Problem statement — Each entry is to be given again exactly; drop the images.

-------- Exercise material

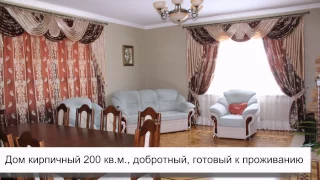 Продам дом в Гнедин Бориспольского района.Дом под Киевом. Новый дом с ремонтом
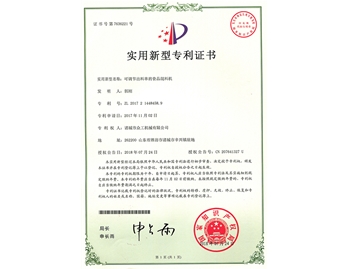 食品（pǐn）混料機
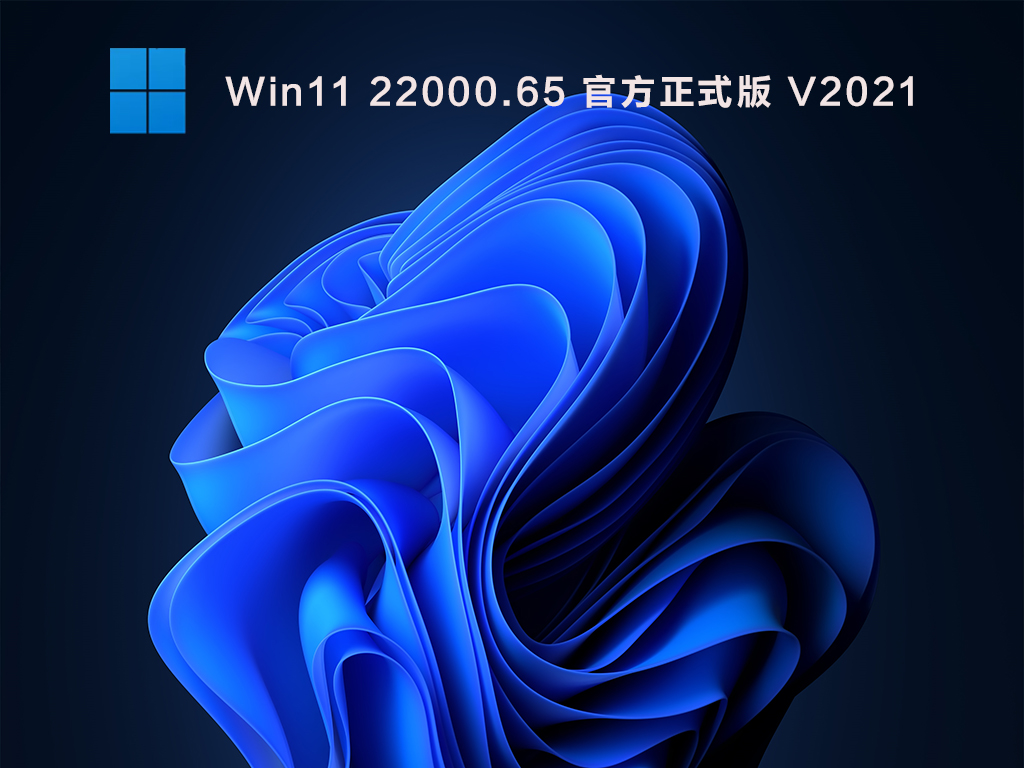 Win11中文版镜像下载_Win11 22000.65 官方正式版下载V2021
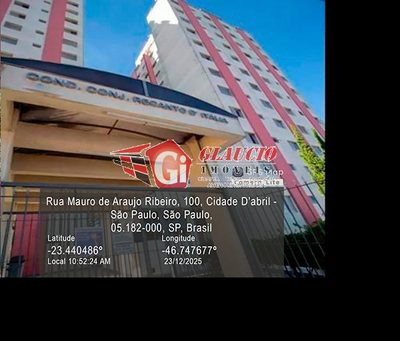 Apartamento, 2 quartos, 51 m² - Foto 1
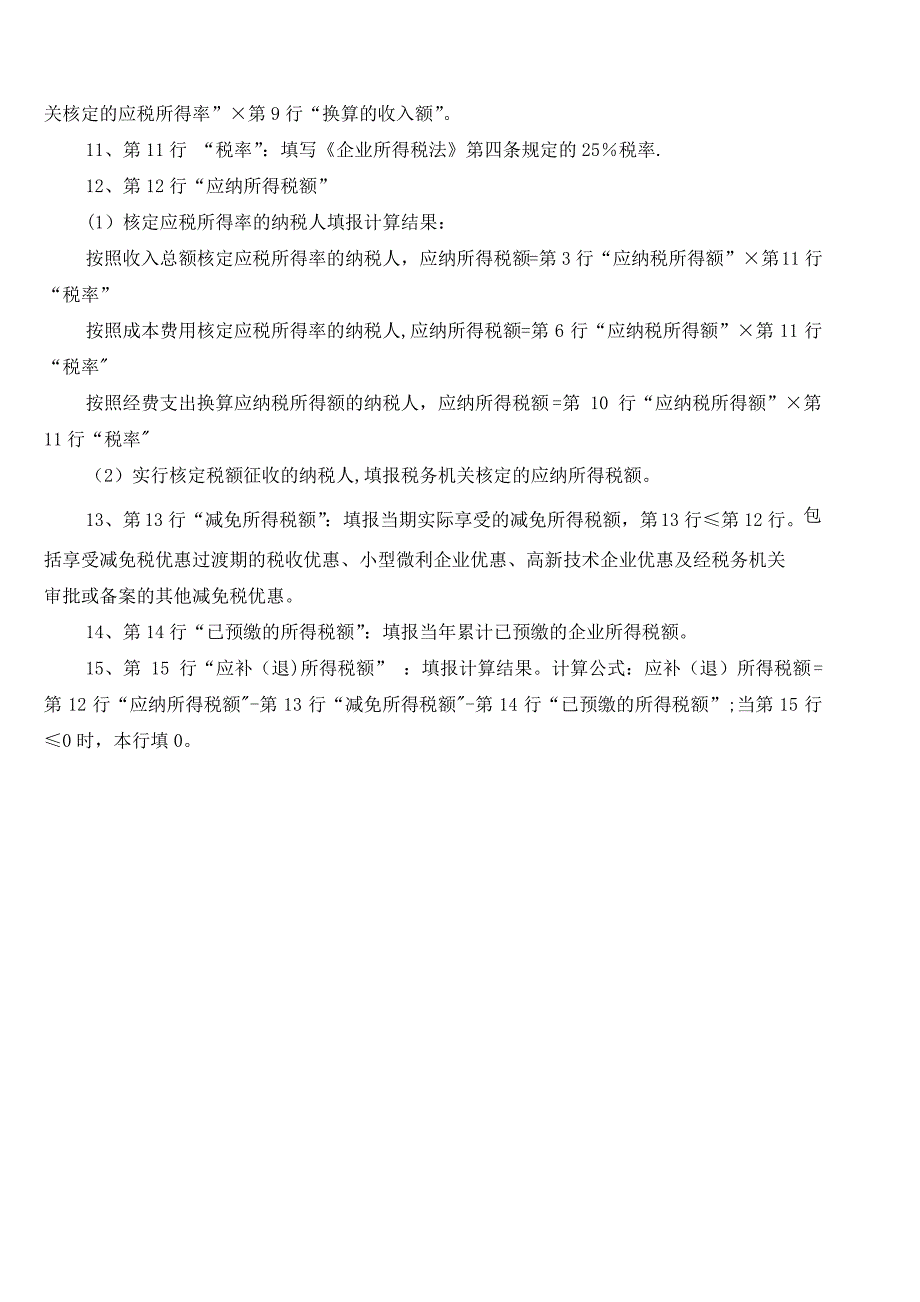 企业所得税月(季)度纳税申报表(B类)(表样及填表说明)_第3页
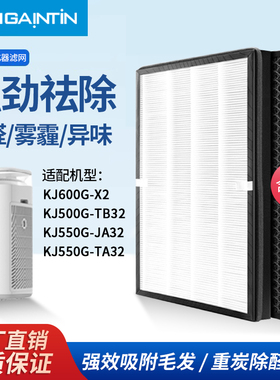适配美的空气净化器KJ600G-X2滤芯KJ500G-TB32过滤网FC-50TB1/TB2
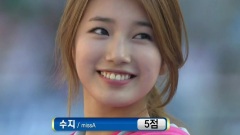 MBC 偶像運動會 射箭比賽 miss A Cut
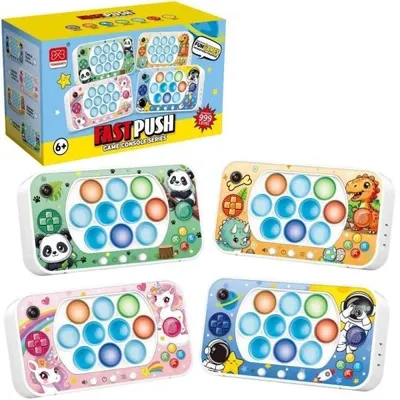 Immagine prodotto di Console sensoriale Pop It MIX - Trifox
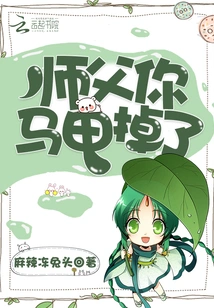 Master, Your Vest Has Fallen Off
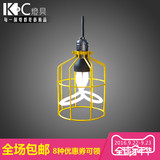 【kc灯具】美式小铁笼吊灯单头餐厅彩色创意个性酒吧咖啡馆吧台灯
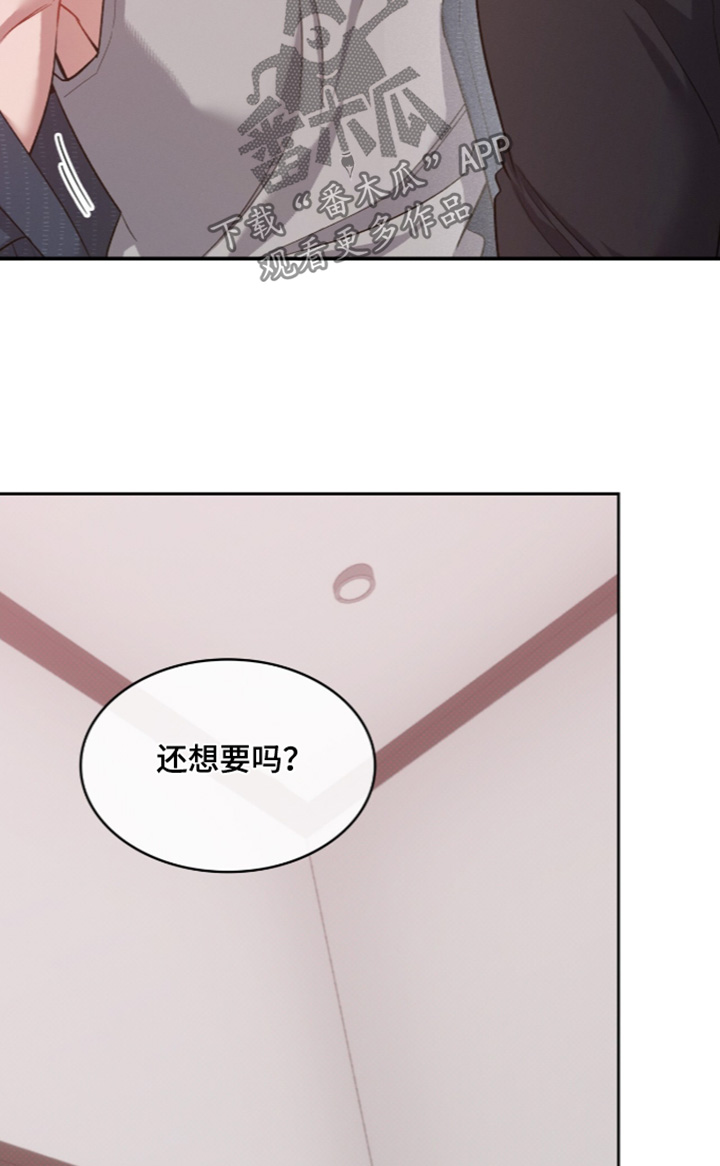 第139话2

----------------

Output below —
 Продам дом в Гнедин Бориспольского района.Дом под Киевом. Новый дом с ремонтом
 食品（pǐn）混料機
 Win11中文版镜像下载_Win11 22000.65 官方正式版下载V2021
 Apartamento, 2 quartos, 51 m² - Foto 1
 企业所得税月(季)度纳税申报表(B类)(表样及填表说明)_第3页
适配美的空气净化器KJ600G-X2滤芯KJ500G-TB32过滤网FC-50TB1/TB2
 MBC 偶像運動會 射箭比賽 miss A Cut
 Immagine prodotto di Console sensoriale Pop It MIX - Trifox
 Master, Your Vest Has Fallen Off
 【kc灯具】美式小铁笼吊灯单头餐厅彩色创意个性酒吧咖啡馆吧台灯
 第139话2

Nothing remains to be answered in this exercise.